* WHAT THE TASK REQUIRES *
For every line below, output the text exactly and leave out images.
▼
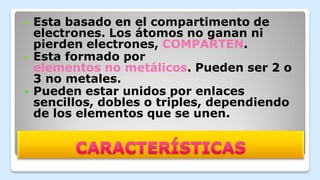  Esta basado en el compartimento de
electrones. Los átomos no ganan ni
pierden electrones, COMPARTEN.
 Esta formado por
elementos no metálicos. Pueden ser 2 o
3 no metales.
 Pueden estar unidos por enlaces
sencillos, dobles o triples, dependiendo
de los elementos que se unen.
 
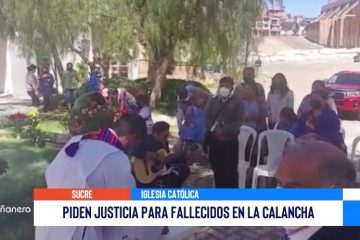 PIDEN JUSTICIA PARA FALLECIDOS EN LA CALANCHA  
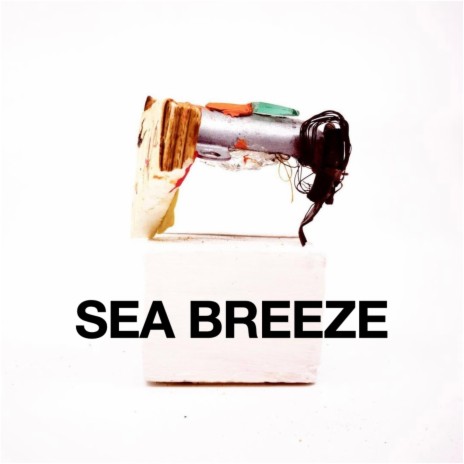 Sea Breeze | Boomplay Music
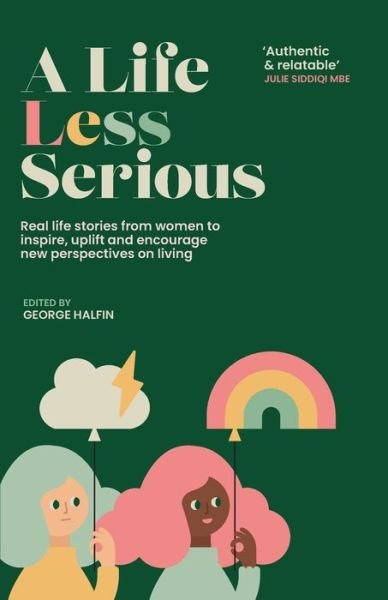 A life Less Serious - George Halfin - Bøger - My Light Publishing - 9781739726805 - 8. marts 2022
▲
* YOUR SOLUTION *
  Esta basado en el compartimento de
electrones. Los átomos no ganan ni
pierden electrones, COMPARTEN.
 Esta formado por
elementos no metálicos. Pueden ser 2 o
3 no metales.
 Pueden estar unidos por enlaces
sencillos, dobles o triples, dependiendo
de los elementos que se unen.
 
 PIDEN JUSTICIA PARA FALLECIDOS EN LA CALANCHA  
 Sea Breeze | Boomplay Music
 A life Less Serious - George Halfin - Bøger - My Light Publishing - 9781739726805 - 8. marts 2022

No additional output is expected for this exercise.